The painting comes to life on the APP as viewers can witness ancient performance art that had been composed of music and dance from the era.

Fun & cool APPs

There's other trend-setting APPs as well. The Qing Emperor's Wardrobe APP helps the public distinguish the differences between real imperial dress of the Qing Dynasty (1644-1911AD) and what many Chinese have seen actors wearing on popular TV dramas that featured scenes from that part of history.

Users obtain explanations of Qing Dynasty court functions and ceremonies that were celebrated along with descriptions of the attire worn by imperial families, court officials, and ladies-in-waiting.

Another APP offers a digital map and information of the Forbidden City's 1,200 buildings and 9,371 rooms. Actually, the museum has over 1 million artifacts and artworks, but never more than 1 percent of items are set for display at a given time, while just a third of the buildings are open to the public.

VR and 3D tours

APP users can receive background information of each piece under the possession of the Palace Museum. Meanwhile visitors are encouraged to visit the physical site where they can go straight to the Hall of Supreme Harmony Sanxitang (Room of Three Rare Treasures).

Visitors are provided with VR (virtual reality) devices and given a VR tour. They can look at high-resolution images and listen to audio narration.

For added fun, The Hall of Supreme Harmony has placed 3D images on display that make the relics and artwork come to life. The computer giant IBM in 2008 had agreed to invest in a US$3million joint project with the Palace Museum to develop the project.

Japan-based Toppan Printing had also signed on to build a Cultural Assets Digitalization Research Center of the Forbidden City, which was launched in Oct. 2014 with a RMB37 million investment.

Viewing the benefits

"For many people, the Palace Museum experience can be enhanced as they use our APPs," Yu Zhuang, head of New Media at the Palace Museum, told China Daily. "The Internet has provided us with more channels to expand museum influences to more corners in people's everyday lives."

Yu highlighted the museum's calender APP, '365 Days of Masterpieces.' The APP features 1 piece for each day of the year. The user can click to receive cultural background on it.

Google Arts & Culture has agreed to place 100 artifacts from the museum to go online. Google only features famous artworks from around the world.

Most of all, digital users can capture a better understanding of what life was really like for Chinese emperors and the courts. A virtual tour named, ‘Beyond Space & Time' had been set in a computer game format.

Visiting from afar

In 2008, the then-director of the Palace Museum information department, Hu Chui, announced the Forbidden City would go digital during an interview with PC World magazine.

"The project has several purposes, mainly to allow people who cannot visit Beijing to experience the Forbidden City and for those who have visited the physical premises to learn more about it."

The staff were proud of the Palace Museum's rich cultural heritage and sought to bring greater attention to the world.

Many APPs encourage users to share their experiences with others while asking them to submit articles and photos that delve deeper into ancient Chinese history.

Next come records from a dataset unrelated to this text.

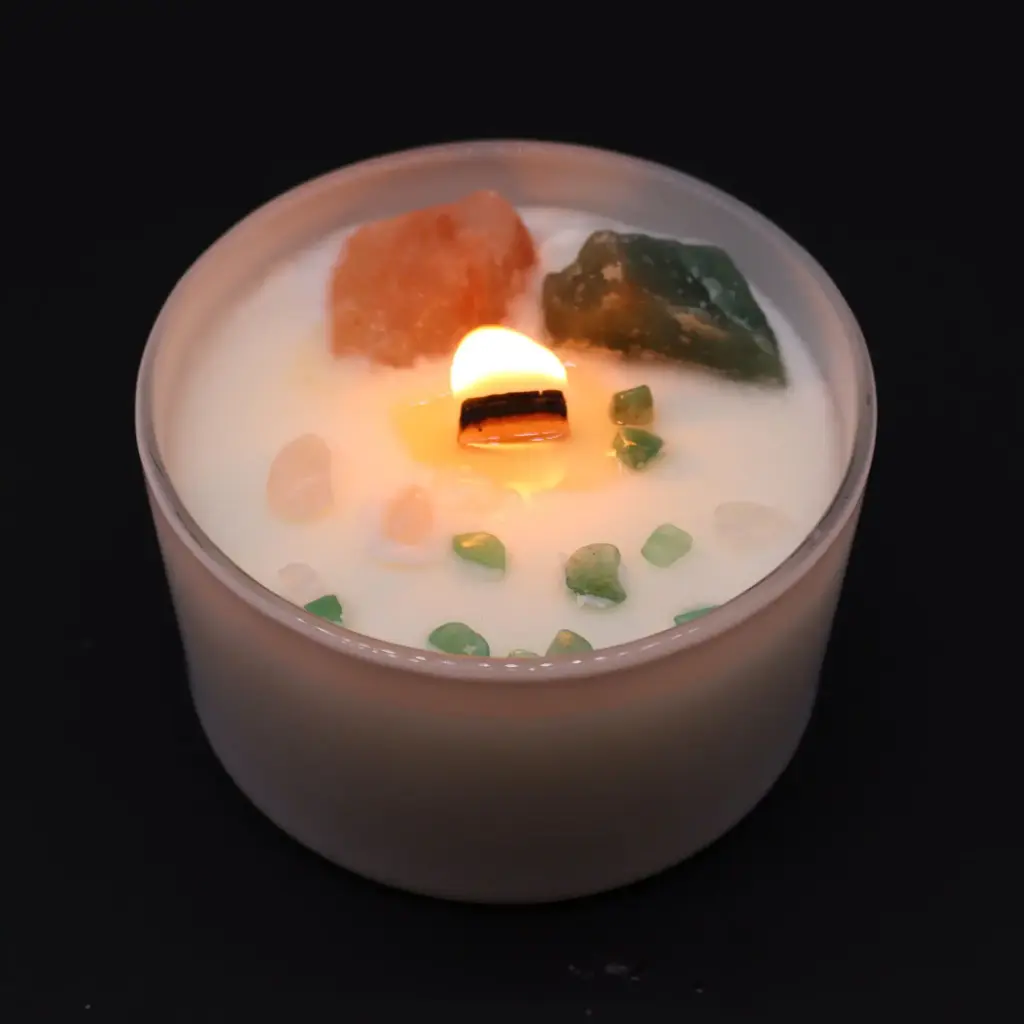 Chakra Crystal Candles – Heart Chakra | www.artisangoods.co.uk 5 Chakra Crystal Candles – Heart Chakra | www.artisangoods.co.uk 5
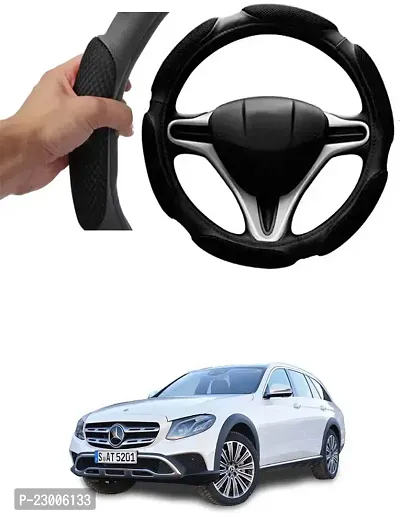 Car Better Grip Black Steering Wheel Cover (Slip-in) For Mercedes Benz E-Class All Terrain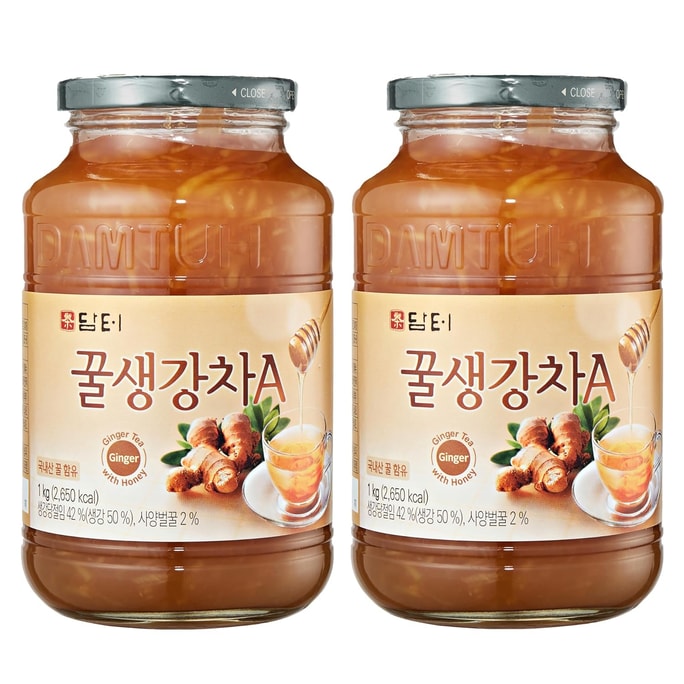 Traditional Korean Tea Ginger Tea with Honey 1kg x 2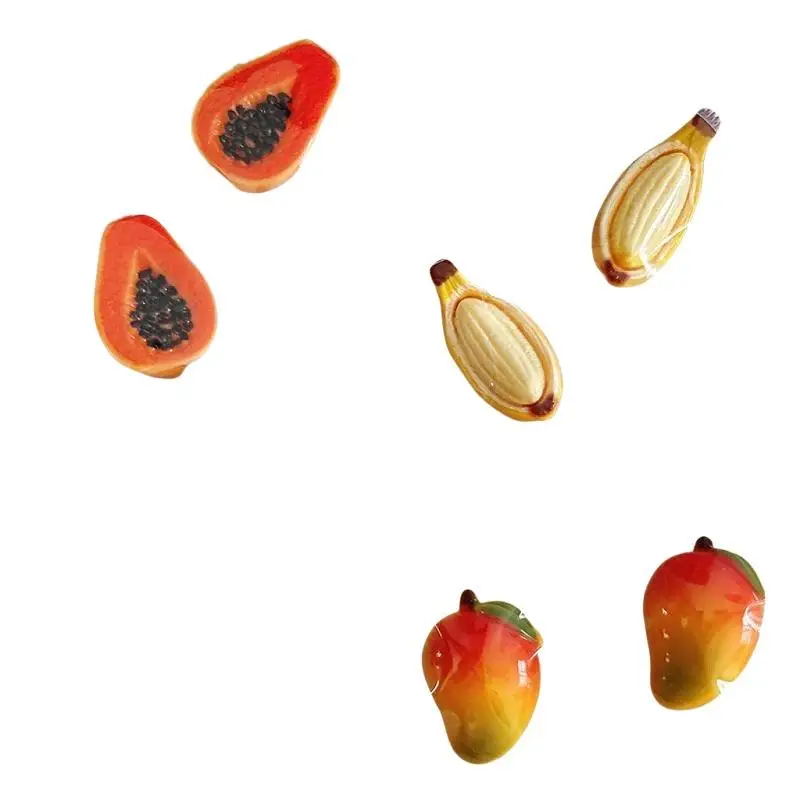 1 Stück Simulations-Schlüsselanhänger mit Guave, Banane, Papaya und Mango, Taschenanhänger, kreativer Rucksackanhänger und kleines Geschenk – Detail 6
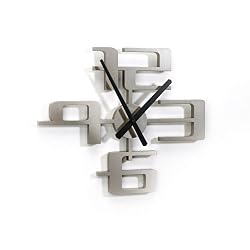 Umbra Big Time Wall Clock, Nickel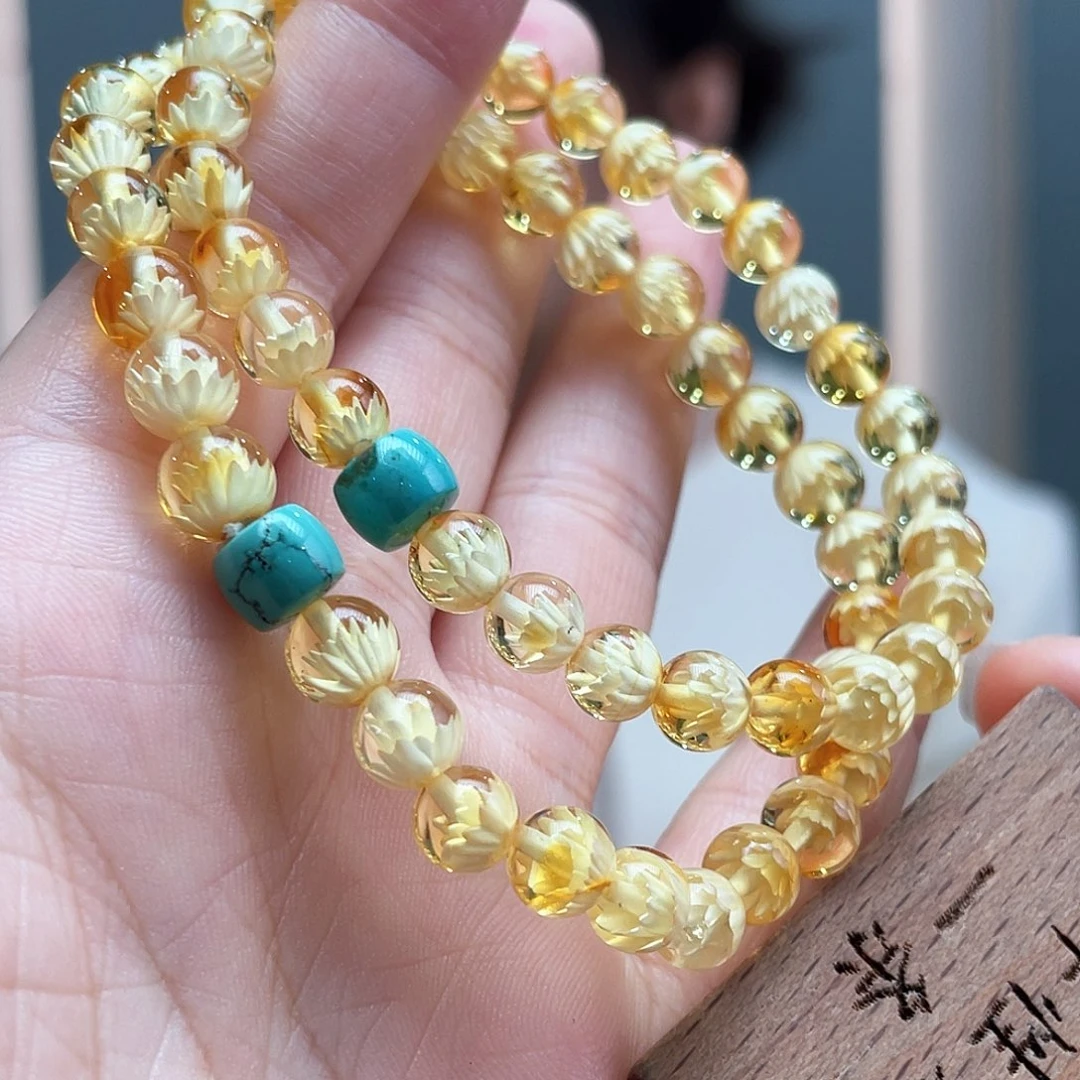 蜜蜡未镶嵌手链手串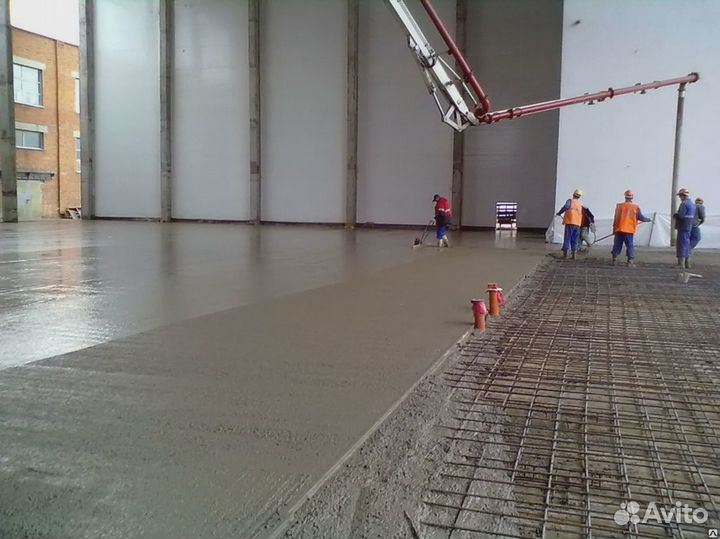 Бетонные работы, фундамент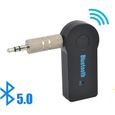 Accessoire réseau,2 en 1 sans fil Bluetooth 5.0 récepteur émetteur adaptateur 3.5mm Jack pour voiture musique - Bluetooth v5.0 #C-0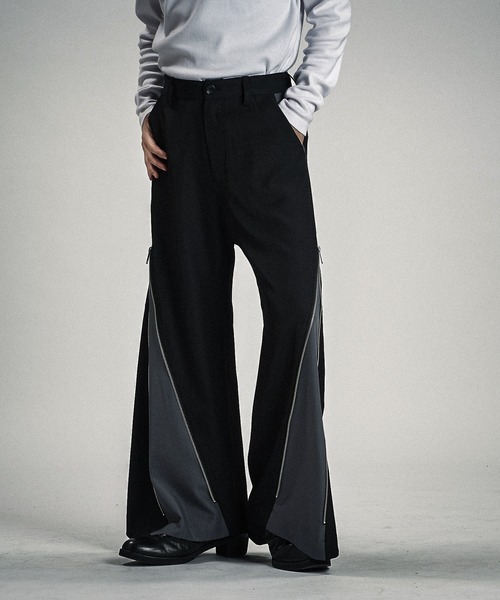 NO ID.（ノーアイディ）の「【NO ID.】Changing Flare Trousers / チェンジング フレア トラウザーズ（スラックス・メンズ・その他23/ブラック・2/1）」の17枚目の写真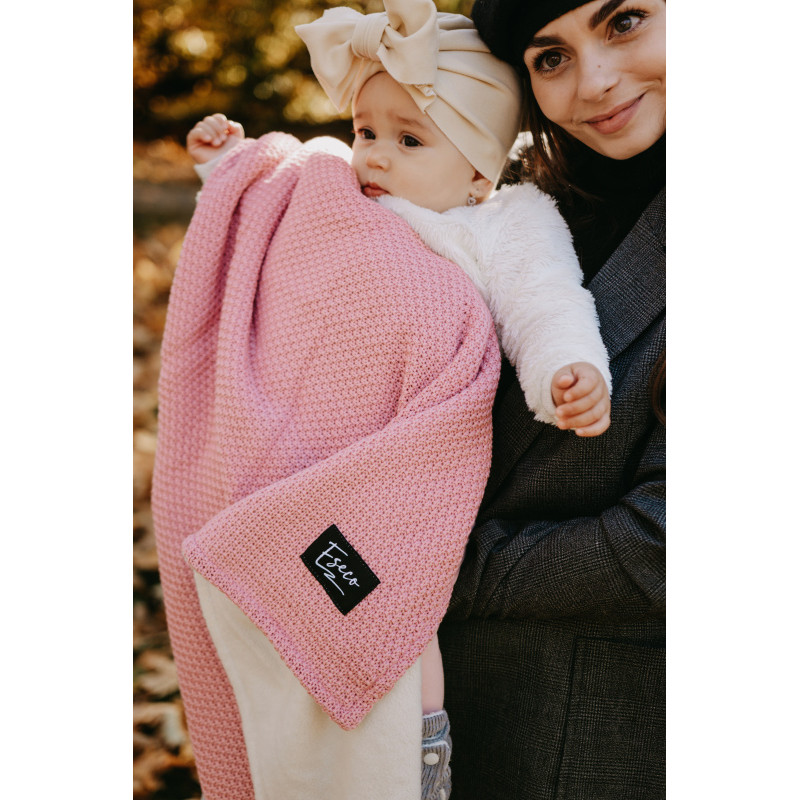 T-TOMI Pletená deka WARM Pink waves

A museum is more than just a museum and when the Forbidden City had gone digital, it opened its doors to the world.

Sunday, October 22, 2017

Towards building a happier Malaysia for all Malaysians

Whichever way we look at it, Malaysians will admit that we are not as happy as we were when we came together on Aug 31, 1957.

Yes, we have better roads; grander buildings; a sprawling, impressive Putrajaya that houses the civil service machinery of a small nation; we have weathered many political storms; we have stomached many economic woes. But we are by no measure as hopeful as we were sixty years ago.

On Sunday, Aug 20, 2017, some 100 over ex-servicemen and women from the Malaysian Armed Forces, Navy, Air Force and Police gathered at the iconic Royal Selangor Club in the very heart of Kuala Lumpur for their first annual general meeting to mark the birth of their ‘Persatuan Patriot Kebangsaan' (National Patriot's Association).

One of its key objectives, which should send a clarion call across the entire nation as we gather to mark sixty long years of trial and errors, omissions and sins of commission come the 60th Anniversary of our Merdeka (Independence) is the association's determination to “help build a fairer and happier Malaysia for all Malaysians”.

Indeed after six decades of self-rule under one sole political party, we are no more the happy people that we were in 1957 whence we gathered together as one nation of ‘Malayans' endorsing our solidarity of hope for a new nation – independent, fair and free finally.

The decades of living together, working together, eating together, and even wearing each other's traditional costumes and visiting each other's homes and exchanging home cooked meals and sharing goodwill on festivities are today politicised with a dose of religious bigotry and racial differences.

We have come so far worse as to even have drinking cups in schools segregated by religion. We have difficulties in appreciating cultural practices like having figurines as part of landscaping. We have aversions to dressing and costumes.

Hurting the soul-beat

And today the leadership of this nation is constantly crying out “untuk bangsa dan agama” (for race and religion). The division of a nation of multiracial and multi-religious people along race and religious boundaries just to stay in power is killing the soul-beat of Malaysians.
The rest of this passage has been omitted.